Data excerpts →

--- START ---

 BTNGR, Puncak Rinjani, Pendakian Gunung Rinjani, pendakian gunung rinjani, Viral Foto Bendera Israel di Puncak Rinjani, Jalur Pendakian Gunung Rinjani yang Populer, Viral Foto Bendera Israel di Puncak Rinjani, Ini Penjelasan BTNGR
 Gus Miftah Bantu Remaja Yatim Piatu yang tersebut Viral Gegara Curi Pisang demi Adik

--- END ---
--- START ---

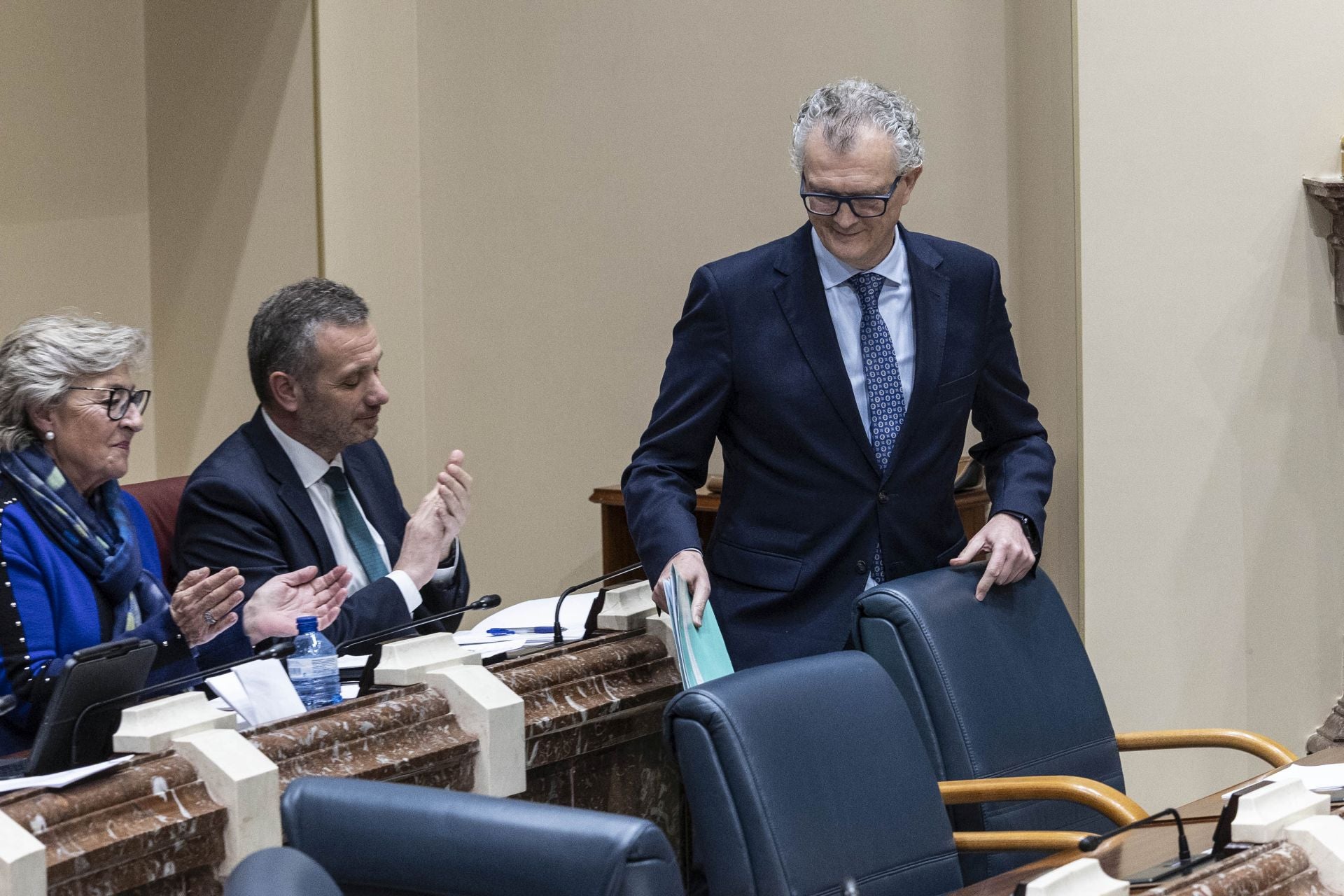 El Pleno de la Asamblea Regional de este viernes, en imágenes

--- END ---

Each line in the entries above, starting at the line with "BTNGR, Puncak Rinjani, Pendakian" and ending at the line with "Gus Miftah Bantu", is to be printed exactly, and only those lines.

Your solution →
 BTNGR, Puncak Rinjani, Pendakian Gunung Rinjani, pendakian gunung rinjani, Viral Foto Bendera Israel di Puncak Rinjani, Jalur Pendakian Gunung Rinjani yang Populer, Viral Foto Bendera Israel di Puncak Rinjani, Ini Penjelasan BTNGR
 Gus Miftah Bantu Remaja Yatim Piatu yang tersebut Viral Gegara Curi Pisang demi Adik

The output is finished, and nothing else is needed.